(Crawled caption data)
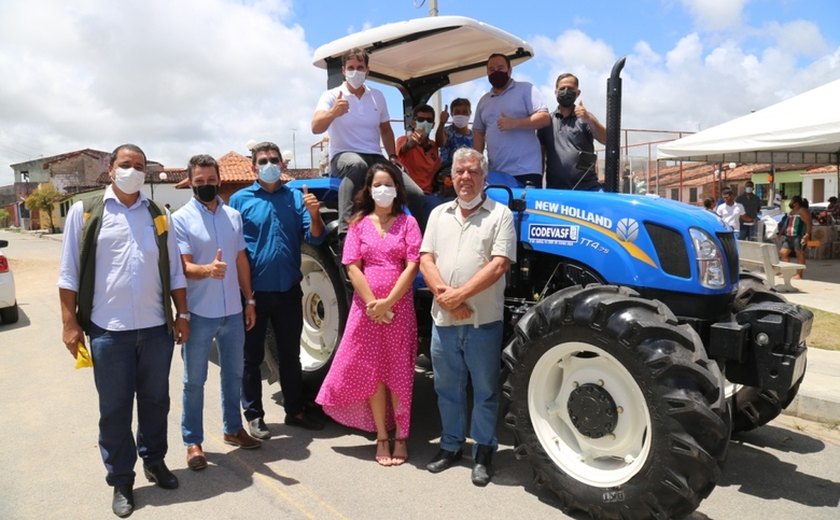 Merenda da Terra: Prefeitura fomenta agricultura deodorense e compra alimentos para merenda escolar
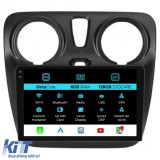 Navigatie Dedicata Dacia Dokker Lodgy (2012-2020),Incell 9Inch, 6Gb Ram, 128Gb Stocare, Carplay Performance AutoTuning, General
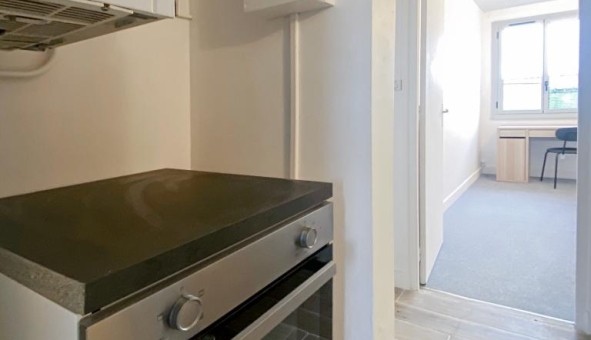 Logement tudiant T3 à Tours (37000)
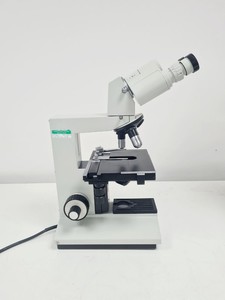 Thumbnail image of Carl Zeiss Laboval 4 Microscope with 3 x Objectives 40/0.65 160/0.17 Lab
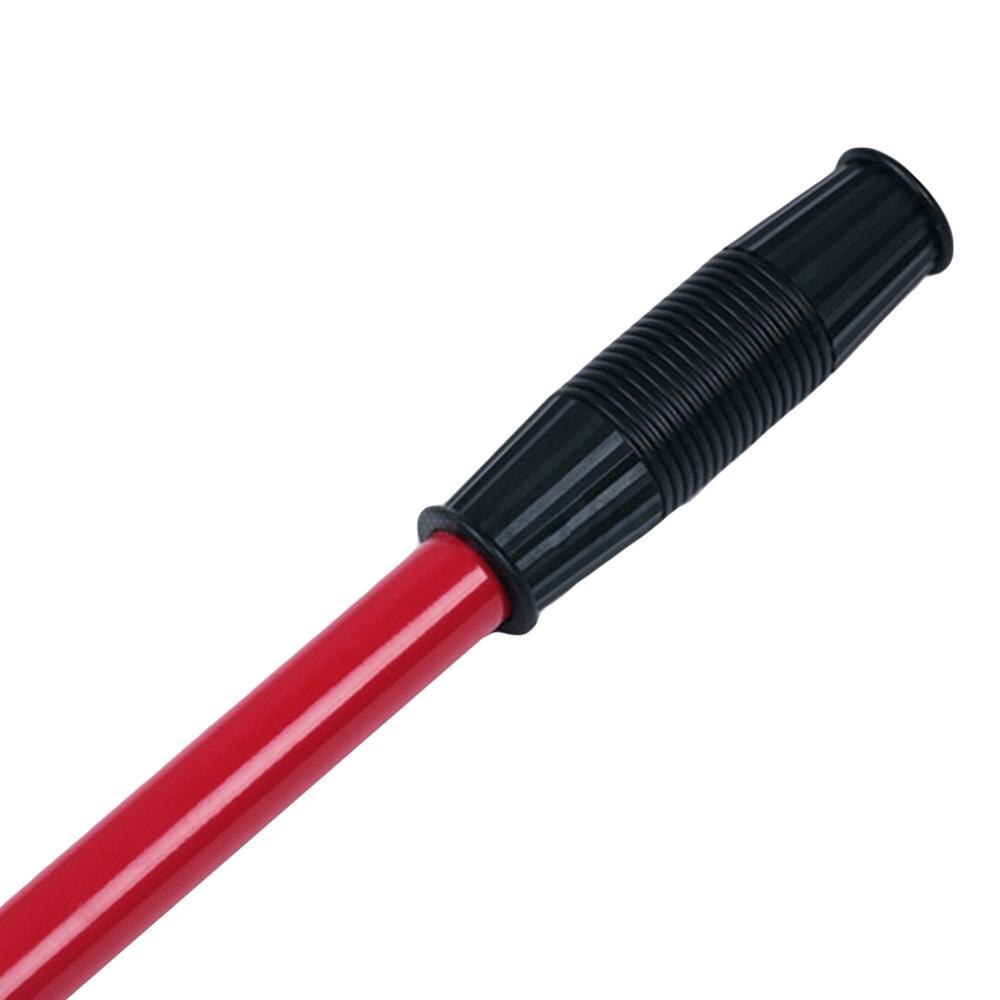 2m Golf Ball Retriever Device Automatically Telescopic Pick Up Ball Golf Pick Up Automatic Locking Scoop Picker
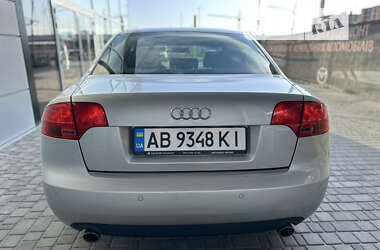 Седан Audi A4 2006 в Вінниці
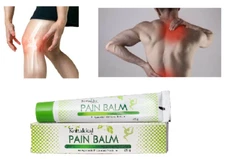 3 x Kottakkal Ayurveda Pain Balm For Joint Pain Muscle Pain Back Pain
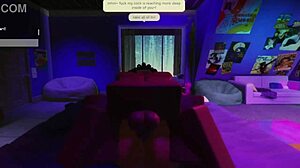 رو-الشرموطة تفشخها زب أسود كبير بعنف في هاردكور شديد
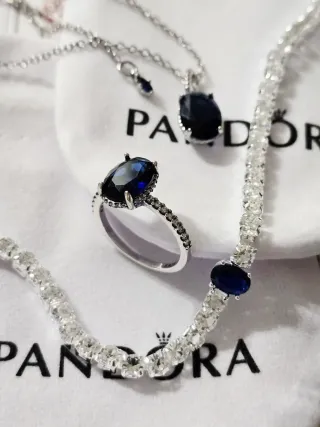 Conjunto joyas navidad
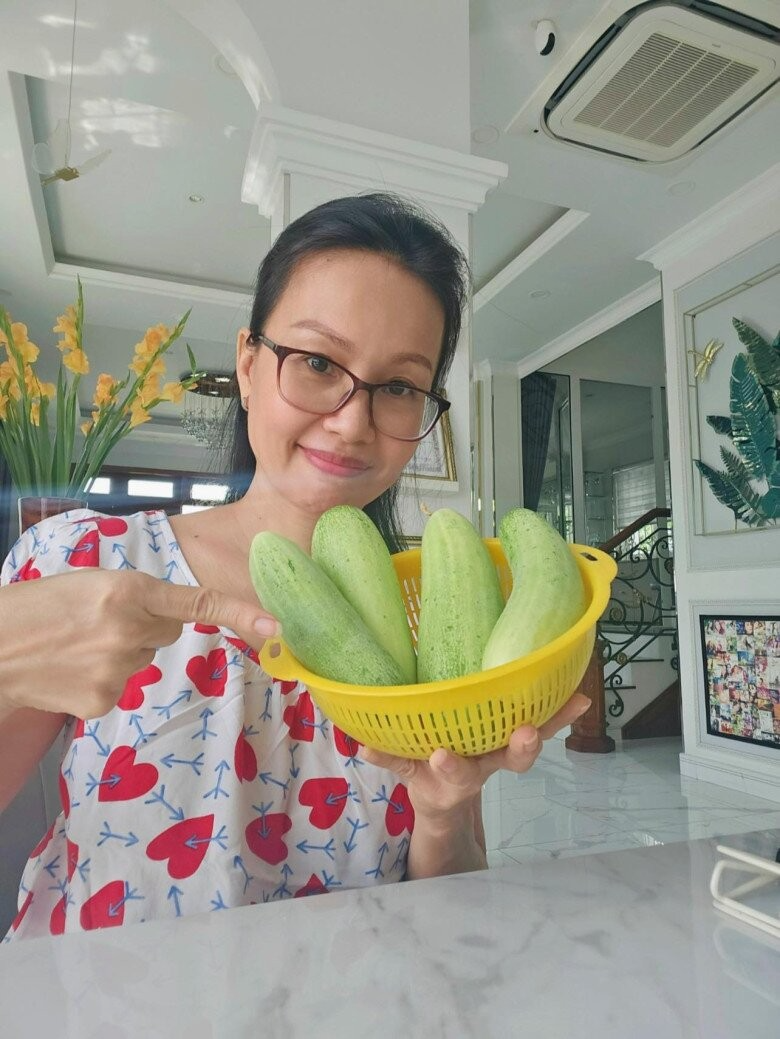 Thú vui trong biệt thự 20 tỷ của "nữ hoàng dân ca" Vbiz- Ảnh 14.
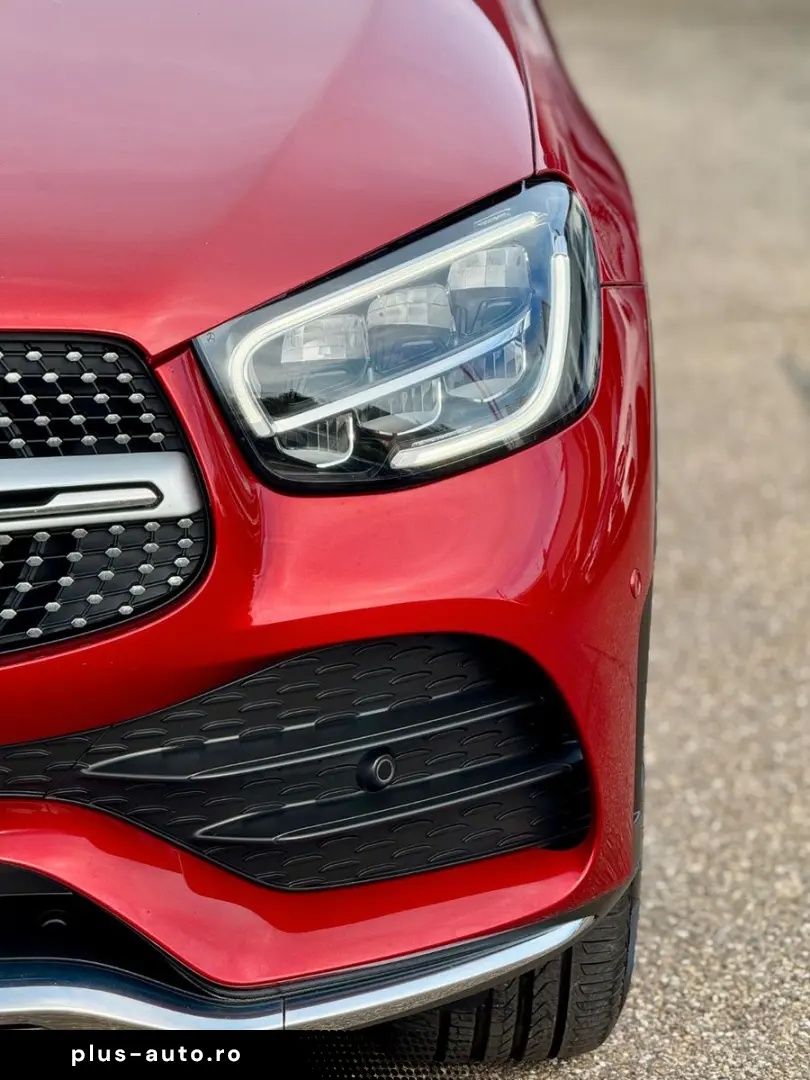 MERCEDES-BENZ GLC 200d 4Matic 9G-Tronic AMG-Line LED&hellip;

Task objective
Copy all the records word for word and keep the pictures out.

Answer to this problem
 Merenda da Terra: Prefeitura fomenta agricultura deodorense e compra alimentos para merenda escolar
 Navigatie Dedicata Dacia Dokker Lodgy (2012-2020),Incell 9Inch, 6Gb Ram, 128Gb Stocare, Carplay Performance AutoTuning, General
 Logement tudiant T3 à Tours (37000)
 Thumbnail image of Carl Zeiss Laboval 4 Microscope with 3 x Objectives 40/0.65 160/0.17 Lab
 2m Golf Ball Retriever Device Automatically Telescopic Pick Up Ball Golf Pick Up Automatic Locking Scoop Picker
 Седан Audi A4 2006 в Вінниці
 3 x Kottakkal Ayurveda Pain Balm For Joint Pain Muscle Pain Back Pain
 رو-الشرموطة تفشخها زب أسود كبير بعنف في هاردكور شديد
 Conjunto joyas navidad
 Thú vui trong biệt thự 20 tỷ của "nữ hoàng dân ca" Vbiz- Ảnh 14.
 MERCEDES-BENZ GLC 200d 4Matic 9G-Tronic AMG-Line LED&hellip;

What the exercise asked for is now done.